[Source records]
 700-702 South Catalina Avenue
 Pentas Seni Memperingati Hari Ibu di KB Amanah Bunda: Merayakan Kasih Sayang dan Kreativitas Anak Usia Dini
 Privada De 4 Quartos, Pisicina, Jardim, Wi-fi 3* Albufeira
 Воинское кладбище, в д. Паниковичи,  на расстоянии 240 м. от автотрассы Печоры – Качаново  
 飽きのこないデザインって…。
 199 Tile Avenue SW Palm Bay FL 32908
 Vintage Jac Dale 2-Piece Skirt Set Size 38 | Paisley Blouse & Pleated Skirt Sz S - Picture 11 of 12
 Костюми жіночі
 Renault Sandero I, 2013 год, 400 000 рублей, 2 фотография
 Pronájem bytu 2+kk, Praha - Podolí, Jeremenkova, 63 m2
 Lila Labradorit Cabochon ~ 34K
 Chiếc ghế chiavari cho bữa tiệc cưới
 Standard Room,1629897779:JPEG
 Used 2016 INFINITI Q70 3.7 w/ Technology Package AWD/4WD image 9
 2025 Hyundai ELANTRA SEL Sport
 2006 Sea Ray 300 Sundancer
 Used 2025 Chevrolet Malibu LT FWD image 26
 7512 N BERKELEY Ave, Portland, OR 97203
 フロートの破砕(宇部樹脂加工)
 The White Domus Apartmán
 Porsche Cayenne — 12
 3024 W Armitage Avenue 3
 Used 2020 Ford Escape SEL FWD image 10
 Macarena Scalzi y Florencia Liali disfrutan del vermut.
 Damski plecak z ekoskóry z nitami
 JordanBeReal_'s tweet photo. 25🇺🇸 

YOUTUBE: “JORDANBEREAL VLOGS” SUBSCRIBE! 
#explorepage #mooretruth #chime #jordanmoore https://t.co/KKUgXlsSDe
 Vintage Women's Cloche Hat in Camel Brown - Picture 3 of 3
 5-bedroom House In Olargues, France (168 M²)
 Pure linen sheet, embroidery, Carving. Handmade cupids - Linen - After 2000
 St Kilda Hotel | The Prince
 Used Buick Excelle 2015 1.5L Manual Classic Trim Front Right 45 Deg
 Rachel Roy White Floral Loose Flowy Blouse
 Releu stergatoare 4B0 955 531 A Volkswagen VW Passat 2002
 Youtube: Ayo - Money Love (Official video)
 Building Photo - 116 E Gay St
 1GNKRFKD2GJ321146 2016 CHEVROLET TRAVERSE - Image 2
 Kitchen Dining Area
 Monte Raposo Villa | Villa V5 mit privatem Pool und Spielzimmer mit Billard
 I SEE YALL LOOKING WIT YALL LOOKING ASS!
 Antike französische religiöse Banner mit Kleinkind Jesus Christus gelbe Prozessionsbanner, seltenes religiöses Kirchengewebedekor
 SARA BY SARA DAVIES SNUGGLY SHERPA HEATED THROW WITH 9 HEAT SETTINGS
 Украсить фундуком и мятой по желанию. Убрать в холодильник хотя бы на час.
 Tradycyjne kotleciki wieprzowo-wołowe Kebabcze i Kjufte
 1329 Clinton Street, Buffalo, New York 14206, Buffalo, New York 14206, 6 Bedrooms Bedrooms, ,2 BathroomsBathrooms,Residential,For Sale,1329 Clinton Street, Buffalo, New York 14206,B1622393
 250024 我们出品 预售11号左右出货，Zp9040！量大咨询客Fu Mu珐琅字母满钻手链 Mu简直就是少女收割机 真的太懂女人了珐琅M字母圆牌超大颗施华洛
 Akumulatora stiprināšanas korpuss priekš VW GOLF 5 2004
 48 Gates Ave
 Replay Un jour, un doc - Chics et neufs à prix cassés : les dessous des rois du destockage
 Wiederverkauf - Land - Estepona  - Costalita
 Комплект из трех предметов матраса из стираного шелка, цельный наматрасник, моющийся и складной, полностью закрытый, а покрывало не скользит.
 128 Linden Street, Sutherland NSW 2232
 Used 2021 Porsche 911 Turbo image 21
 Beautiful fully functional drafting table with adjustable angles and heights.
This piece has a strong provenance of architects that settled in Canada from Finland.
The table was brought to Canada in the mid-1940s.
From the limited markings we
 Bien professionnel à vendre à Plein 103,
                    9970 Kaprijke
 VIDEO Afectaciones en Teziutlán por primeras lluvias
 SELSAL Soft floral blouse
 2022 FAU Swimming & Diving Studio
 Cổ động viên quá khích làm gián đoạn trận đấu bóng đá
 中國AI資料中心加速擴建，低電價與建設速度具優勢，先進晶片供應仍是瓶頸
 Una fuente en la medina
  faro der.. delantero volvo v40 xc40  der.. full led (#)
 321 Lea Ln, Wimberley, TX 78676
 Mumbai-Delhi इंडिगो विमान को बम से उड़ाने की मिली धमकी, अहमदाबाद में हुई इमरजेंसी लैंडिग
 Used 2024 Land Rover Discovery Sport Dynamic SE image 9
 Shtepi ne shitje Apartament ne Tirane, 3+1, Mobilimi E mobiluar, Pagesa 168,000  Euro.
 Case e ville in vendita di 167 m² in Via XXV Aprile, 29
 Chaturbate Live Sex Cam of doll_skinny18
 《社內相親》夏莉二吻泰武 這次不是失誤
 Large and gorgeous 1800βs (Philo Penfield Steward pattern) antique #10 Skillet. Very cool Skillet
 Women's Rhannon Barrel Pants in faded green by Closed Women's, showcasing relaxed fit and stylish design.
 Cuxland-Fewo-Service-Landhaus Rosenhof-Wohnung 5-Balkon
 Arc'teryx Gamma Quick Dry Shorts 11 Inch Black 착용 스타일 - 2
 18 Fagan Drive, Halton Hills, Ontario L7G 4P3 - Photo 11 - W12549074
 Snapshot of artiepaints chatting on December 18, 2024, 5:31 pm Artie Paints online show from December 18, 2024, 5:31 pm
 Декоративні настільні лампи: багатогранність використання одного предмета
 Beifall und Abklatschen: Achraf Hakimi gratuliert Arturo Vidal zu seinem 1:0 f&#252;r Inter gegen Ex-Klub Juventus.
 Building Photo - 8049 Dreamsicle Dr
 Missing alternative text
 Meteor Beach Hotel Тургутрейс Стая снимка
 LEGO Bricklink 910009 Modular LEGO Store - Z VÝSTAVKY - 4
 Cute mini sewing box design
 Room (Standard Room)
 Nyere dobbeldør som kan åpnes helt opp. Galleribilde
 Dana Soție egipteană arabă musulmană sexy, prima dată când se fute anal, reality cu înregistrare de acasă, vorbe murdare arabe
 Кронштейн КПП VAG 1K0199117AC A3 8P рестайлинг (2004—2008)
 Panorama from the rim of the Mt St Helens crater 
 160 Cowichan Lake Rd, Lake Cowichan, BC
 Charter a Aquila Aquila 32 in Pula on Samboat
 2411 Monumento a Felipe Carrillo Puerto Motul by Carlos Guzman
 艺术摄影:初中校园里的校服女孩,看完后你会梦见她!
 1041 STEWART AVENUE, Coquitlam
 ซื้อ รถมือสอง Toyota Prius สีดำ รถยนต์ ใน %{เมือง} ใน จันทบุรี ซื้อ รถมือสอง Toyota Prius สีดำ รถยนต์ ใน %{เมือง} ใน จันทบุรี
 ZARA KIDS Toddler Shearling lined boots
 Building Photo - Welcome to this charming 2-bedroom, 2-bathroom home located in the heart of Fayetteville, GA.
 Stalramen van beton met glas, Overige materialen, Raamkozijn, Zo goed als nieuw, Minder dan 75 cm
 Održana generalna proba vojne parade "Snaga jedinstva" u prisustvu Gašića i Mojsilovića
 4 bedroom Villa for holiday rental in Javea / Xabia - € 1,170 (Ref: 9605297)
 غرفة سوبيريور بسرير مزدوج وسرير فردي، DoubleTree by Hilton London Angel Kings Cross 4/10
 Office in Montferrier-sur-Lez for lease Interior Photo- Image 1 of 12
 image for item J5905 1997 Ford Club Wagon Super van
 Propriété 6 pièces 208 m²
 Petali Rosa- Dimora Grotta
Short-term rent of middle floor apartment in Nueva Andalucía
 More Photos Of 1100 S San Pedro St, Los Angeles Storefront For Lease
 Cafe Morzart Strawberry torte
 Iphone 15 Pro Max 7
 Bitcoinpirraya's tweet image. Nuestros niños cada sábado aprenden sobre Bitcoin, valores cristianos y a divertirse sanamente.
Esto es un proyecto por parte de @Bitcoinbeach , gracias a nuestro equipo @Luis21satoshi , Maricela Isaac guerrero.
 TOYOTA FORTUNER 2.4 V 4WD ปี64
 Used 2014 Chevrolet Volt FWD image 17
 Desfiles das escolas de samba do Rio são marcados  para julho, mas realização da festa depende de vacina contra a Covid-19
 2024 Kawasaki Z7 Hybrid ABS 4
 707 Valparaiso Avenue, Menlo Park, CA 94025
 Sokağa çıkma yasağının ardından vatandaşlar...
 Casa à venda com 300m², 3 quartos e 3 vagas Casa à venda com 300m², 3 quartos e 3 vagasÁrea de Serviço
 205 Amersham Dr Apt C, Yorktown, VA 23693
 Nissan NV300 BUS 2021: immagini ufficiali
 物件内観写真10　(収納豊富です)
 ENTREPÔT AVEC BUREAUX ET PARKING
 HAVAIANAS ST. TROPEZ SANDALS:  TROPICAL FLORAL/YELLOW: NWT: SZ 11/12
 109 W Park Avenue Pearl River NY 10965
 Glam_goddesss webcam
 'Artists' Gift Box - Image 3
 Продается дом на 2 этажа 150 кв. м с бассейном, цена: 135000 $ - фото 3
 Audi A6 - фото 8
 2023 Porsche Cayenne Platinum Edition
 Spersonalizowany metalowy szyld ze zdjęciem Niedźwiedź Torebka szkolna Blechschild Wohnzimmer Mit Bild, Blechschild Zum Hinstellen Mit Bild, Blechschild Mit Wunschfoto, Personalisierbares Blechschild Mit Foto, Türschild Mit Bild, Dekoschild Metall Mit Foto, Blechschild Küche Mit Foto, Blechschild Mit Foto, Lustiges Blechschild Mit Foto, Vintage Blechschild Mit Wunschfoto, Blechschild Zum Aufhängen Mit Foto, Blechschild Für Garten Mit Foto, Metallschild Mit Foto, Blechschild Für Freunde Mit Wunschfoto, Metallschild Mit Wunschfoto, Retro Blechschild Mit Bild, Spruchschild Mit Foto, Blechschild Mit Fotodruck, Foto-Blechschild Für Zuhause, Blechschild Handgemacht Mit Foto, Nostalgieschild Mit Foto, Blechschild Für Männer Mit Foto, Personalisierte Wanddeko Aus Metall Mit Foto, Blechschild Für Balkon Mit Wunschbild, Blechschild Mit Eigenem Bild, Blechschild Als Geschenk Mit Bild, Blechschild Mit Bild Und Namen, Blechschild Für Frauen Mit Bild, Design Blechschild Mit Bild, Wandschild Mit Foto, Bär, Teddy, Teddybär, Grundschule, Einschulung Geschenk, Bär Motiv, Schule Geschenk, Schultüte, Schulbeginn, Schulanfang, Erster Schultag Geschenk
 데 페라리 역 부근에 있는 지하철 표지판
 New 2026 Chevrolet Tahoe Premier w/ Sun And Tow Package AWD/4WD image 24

_What is needed:_ In the entries above, please find the line with "Cute mini sewing box design" and the line with "Charter a Aquila", then write out exactly those two lines and every line between them, and nothing more.

_Exercise output:_
 Cute mini sewing box design
 Room (Standard Room)
 Nyere dobbeldør som kan åpnes helt opp. Galleribilde
 Dana Soție egipteană arabă musulmană sexy, prima dată când se fute anal, reality cu înregistrare de acasă, vorbe murdare arabe
 Кронштейн КПП VAG 1K0199117AC A3 8P рестайлинг (2004—2008)
 Panorama from the rim of the Mt St Helens crater 
 160 Cowichan Lake Rd, Lake Cowichan, BC
 Charter a Aquila Aquila 32 in Pula on Samboat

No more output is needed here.